Aluminium windows have recently become the material of choice when it comes to finishing modern homes and, more increasingly, renovating period-style properties.
As glazing plays a huge part in defining new builds’ elevations and refreshing an existing homes’ kerb appeal, it’s worth prioritising your time when it comes to designing the way you want them to look.
Sleek and versatile, aluminium windows can come in all sorts of colours (yes, companies offer more than just Anthracite), shapes and sizes but it pays to be savvy in your shopping and look out for the best build quality for your money in terms of finish and security.
Benefits of Aluminium Windows
One of the main attractions to aluminium windows is their slim sightlines that won’t break up or look out of place against a large expanse of glazing but there are many more practical advantages to choosing aluminium frames over other materials:
- Lightweight and versatile but durable
- Resilient to warping, corrosion and flexing
- Thermally efficient
- Although more costly than uPVC upfront, aluminium frames last longer and overall they are more affordable than timber
- 100% recyclable
- Almost completely maintenance free
‘Flush’ is the key word when choosing aluminium as the way the opening and fixed glass elements sit against each other side by side will make an impact of the slick look of the finished product.
Uniform sightlines result in stylish, seamless exterior façades and many architects and homeowners want a system in which all units are identical. Aluminium frames can be prefinished in any RAL colour to suit contemporary styles while black frames are being used more frequently in period properties as they can replicate slimmer traditional styles in Belgian doors and crittall-style heritage windows.
Shop our selection of aluminium windows for your project
When it comes to quotes from different suppliers, first of all make sure you’re comparing like for like (locks, handles, any required pressings and so on), and secondly, remember that buying windows is more than just a pricing game: lead-in times can hugely impact your project.
It is generally advised to get quotes from at least three suppliers as there will no doubt be a huge range in amounts. It’s important to be aware that a cheap buy with long manufacture and delivery times can delay a schedule and impact other aspects of a build.
Don’t forget that, as most systems require specialist fitting, you will need to coordinate with a local approved installation firm if the window company doesn’t offer a fitting service.
Consider the Quality of the Finish
There can be a huge variety in the quality of the aluminium windows themselves. Companies like Origin use prime billets in the manufacture of the windows, rather than cheaper scrap metal.
Good quality aluminium should have a smooth and consistent finish so watch out for pitting from when the profile has been heated during powder coating. A high-quality finish is achieved by polishing the die after each extrusion run to reduce corrosion and avoid contamination on the surface.
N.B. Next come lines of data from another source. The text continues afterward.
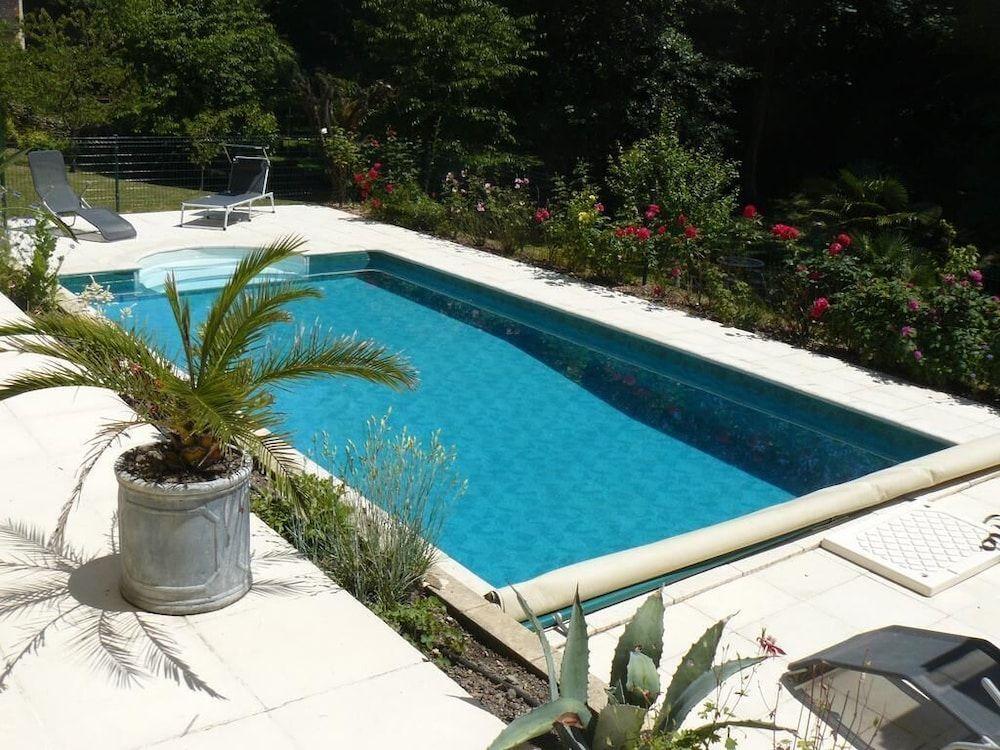 hotel image 13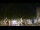 Webcam in Barcelona, 0.7 km entfernt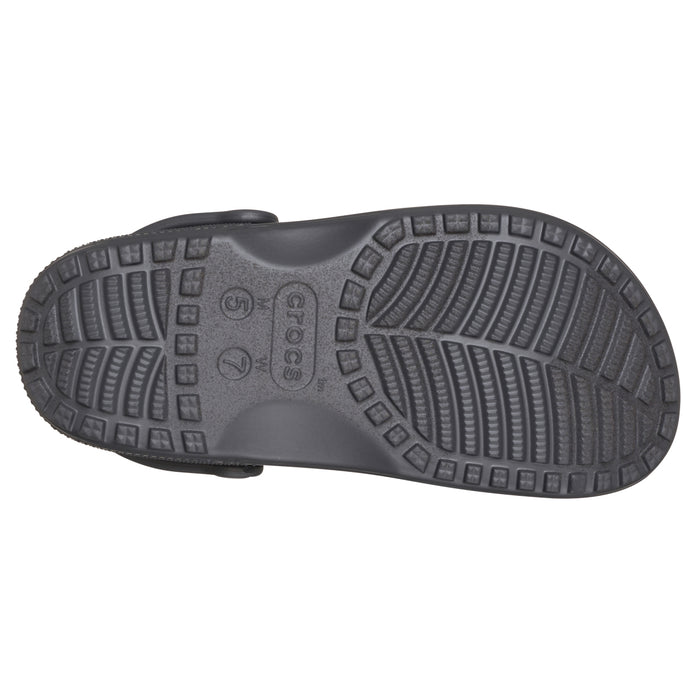 Image for SKU 211354-0LD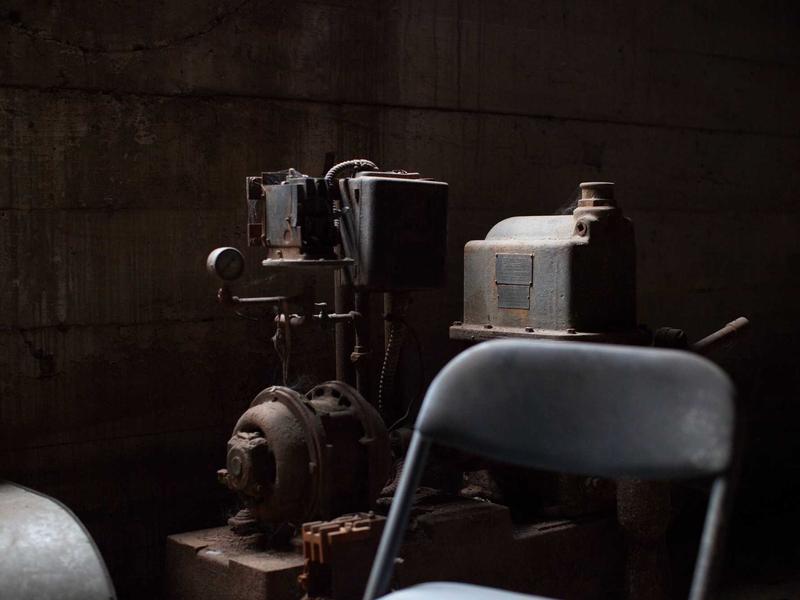 sudoku asymmetric puzzle screenshot 3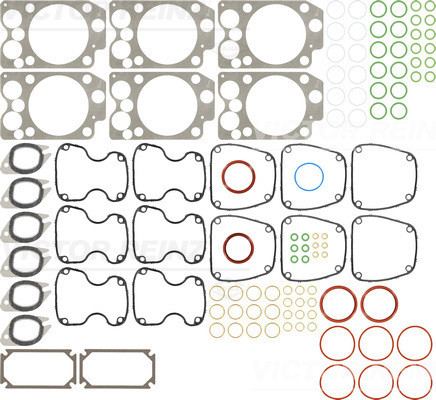 1000619213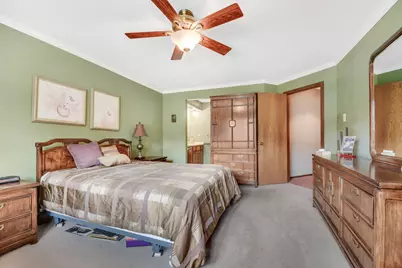 7834 W Foresthill Court #2CR, Palos Heights, IL 60463 - Photo 17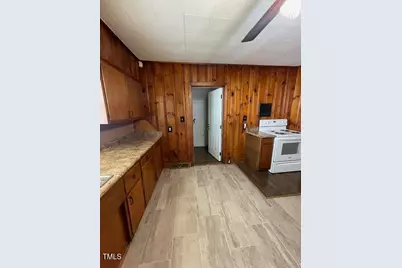 906 Camden Avenue, Durham, NC 27701 - Photo 25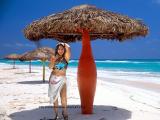 Ankitha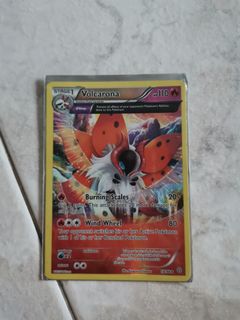 (Category: ) located in . Submitted by sean_hi (Listing ID 1181817131, Image 1). Description: .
What to Look for in Build Quality
The way the window is put together can vary a lot from one supplier to the next. For example, when it comes to composite systems – which combine two materials, usually timber on the inside and aluminium externally – ensure that the external and internal frame elements are distinct (rather than, for instance, comprising a wooden frame clad on to an aluminium skin). Also ask where the key elements originated and where they were actually manufactured.
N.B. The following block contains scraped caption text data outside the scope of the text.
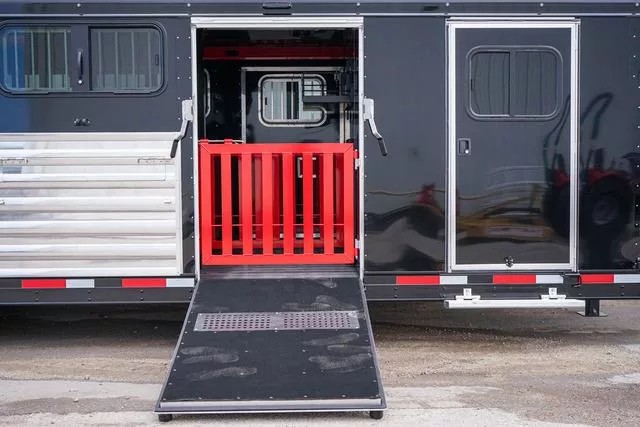 new Vending / Concession Trailers Exiss Trailers  for sale, in Seguin, TX Thumbnail 14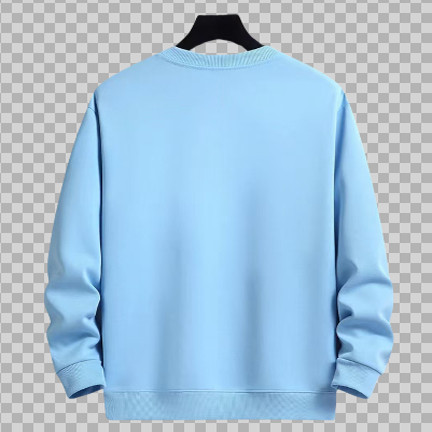 thumbnail for Half-Zip Sweatshirt 5313054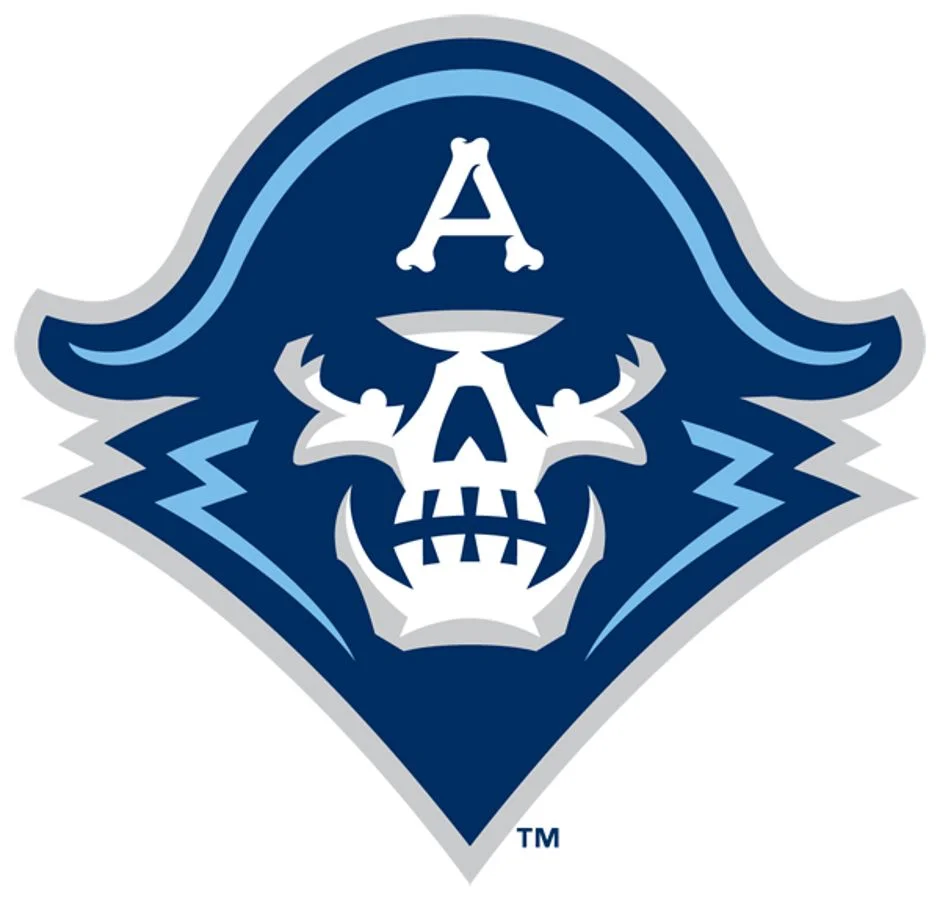 admirals.jpg
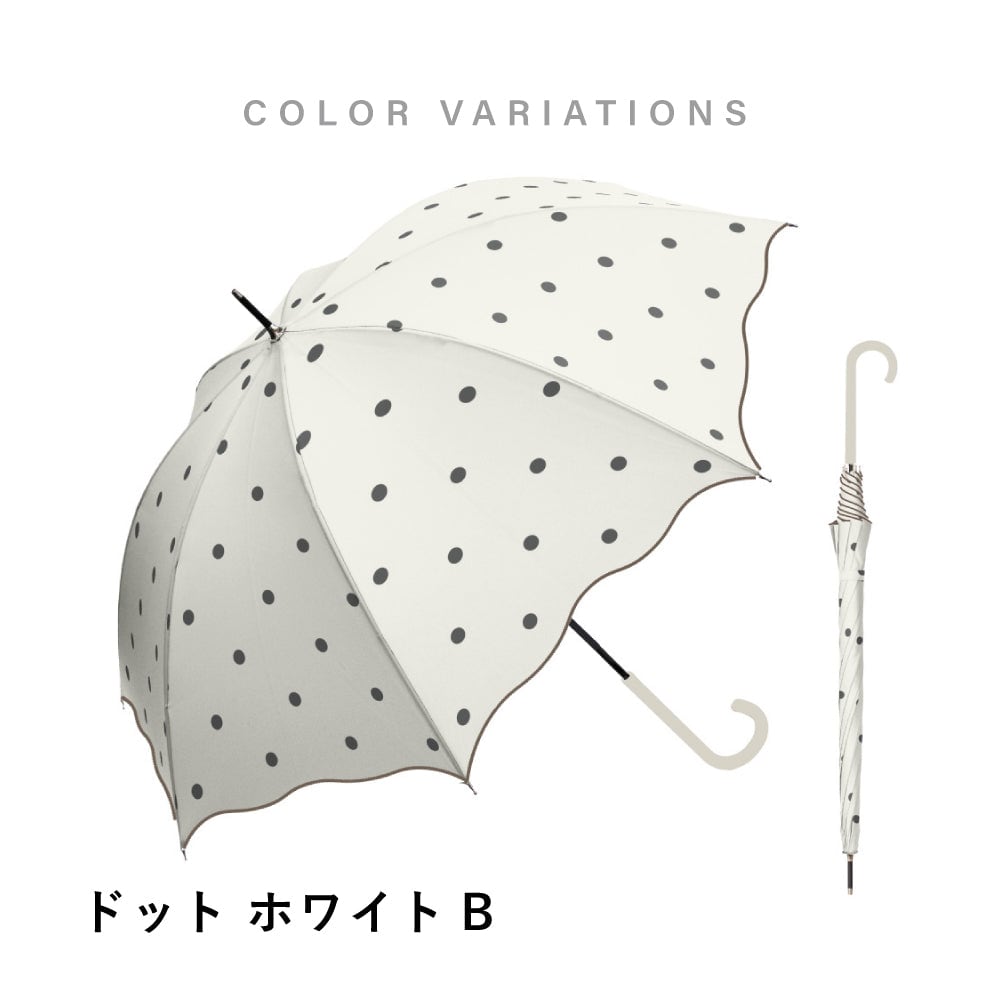 [}C]TVFChO55cm/EH[^[tgiWaterfrontj hbgzCg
Most windows and doors manufacturers aim to talk up their products’ security but now, thanks to changes to Part Q of the Building Regulations and the Secured By Design standards, there are measurable ways of ensuring your choice ticks the boxes.
Part Q came into effect on 1 October 2015 and requires accessible windows (basement, ground floor and other easily accessible windows) in new builds to be made to a design that has been shown through testing to meet the security requirements of British Standards Publication PAS 24:2012. Part Q does not apply for projects where initial notice was submitted before 1 October 2015, provided the work is started on site before 1 October 2016.